In conclusion, we can readily support the statement on bile duct stones from the Consensus Conference of the EAES released at a congress in Istanbul in June 1997 22: ‘The optimal diagnostic and therapeutic strategy depends on local circumstances and experience and expertise of the medical team, since there is still no evidence-based gold standard. Ethical and socioeconomic considerations also have an impact on choice of treatment. High cost of certain technique may be prohibitive in some parts of the world’. However, surgeons must plan a series of actions to disseminate information and simplify the therapeutic guidelines for bile duct stones.
MRCP will be widely adopted and will facilitate precise preoperative diagnosis. Further scientific investigation of therapeutic alternatives (intra-operative or postoperative ES) will permit clearer guidelines to emerge. Cooperation between surgeons and endoscopists will speed the therapeutic process by shortening the period in hospital between ES and LC and by using the same criteria for preoperative ERCP and ES.

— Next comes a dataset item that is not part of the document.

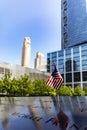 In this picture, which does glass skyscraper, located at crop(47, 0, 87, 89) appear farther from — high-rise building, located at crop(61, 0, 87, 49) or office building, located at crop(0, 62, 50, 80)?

The average general surgeon who is skilled in LC should also be skilled in laparoscopic cholangiography and, in the near future, even in transcystic or trans-choledochotomy stone extraction. Centres with an academic interest in HPB surgery and advanced laparoscopic surgery should combine forces and efforts to design prospective randomised trials searching for detailed ‘pros and cons’ of each therapeutic option. Meanwhile, the choice of treatment is determined by careful clinical judgement and the technical preferences of surgeons. We are convinced that the future treatment of bile duct stones in most patients will be minimally invasive. Therefore, surgical units should seek adequate resources to achieve this goal in the near future.